The National COVID-19 Church Attendance Project (NCCAP) represents our efforts to try to see the bigger picture. By gathering as many individual church stories as possible, from all over the country, we aim to provide a broad sense of the impact of COVID on the church and what the path to recovery has looked like so far. Through the collaboration of Wheaton College, Exponential, Outreach, and the Wheaton College Billy Graham Center, our initial survey represents the experience of more than 600 churches, over 400,000 weekly worshippers geographically covering 47 states and the District of Colombia.

In our first article, we describe the nature of the project and its goals, and we gave an overview of our findings regarding church attendance patterns over the past year and a half. We reflected on the effects of COVID on church giving and staffing. Our final article of this three-part series will focus on church leadership and priorities at present and looking forward.
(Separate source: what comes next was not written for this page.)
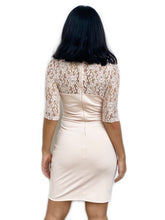 Lace-Sleeved Bodycon Dress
Initial Uncertainty. We all remember the beginnings of the pandemic. At the time, Christianity Today categorized viewpoints as polarized between, “The coronavirus is just another flu” and “We are on the brink of financial collapse”. Perhaps more impactful for church funding specifically was the tremendous uncertainty regarding how long the pandemic would last. It was common to plan events for “after the pandemic”—according to a study by Barna Group many pastors were planning to reopen by the end of April. In fact, the latest reopening date as an option on the survey was August. Just one week later, one percent of respondents selected the new latest option, October. This uncertainty combined with the initial disruption of the pandemic to church services contributed to monetary giving declining in 64 percent of churches by the end of March. Obviously, giving and attendance diminishing was a source of great concern.

Faithful Giving. How long did this widespread decline in giving documented by the Barna survey last? To get a sense of the longer-term impact of the pandemic on giving, we asked churches how much giving they actually received over the course of 2020, along with the amount they had expected to receive when they budgeted for the year before the pandemic hit. Thankfully, realized giving was remarkably close to what was anticipated, despite the initial drop. Based on those churches responding to our survey, the majority (55 percent) of churches experienced giving greater than or equal to what was budgeted prior to knowledge of the pandemic. The year ended with a total realized giving within one percent of what was anticipated.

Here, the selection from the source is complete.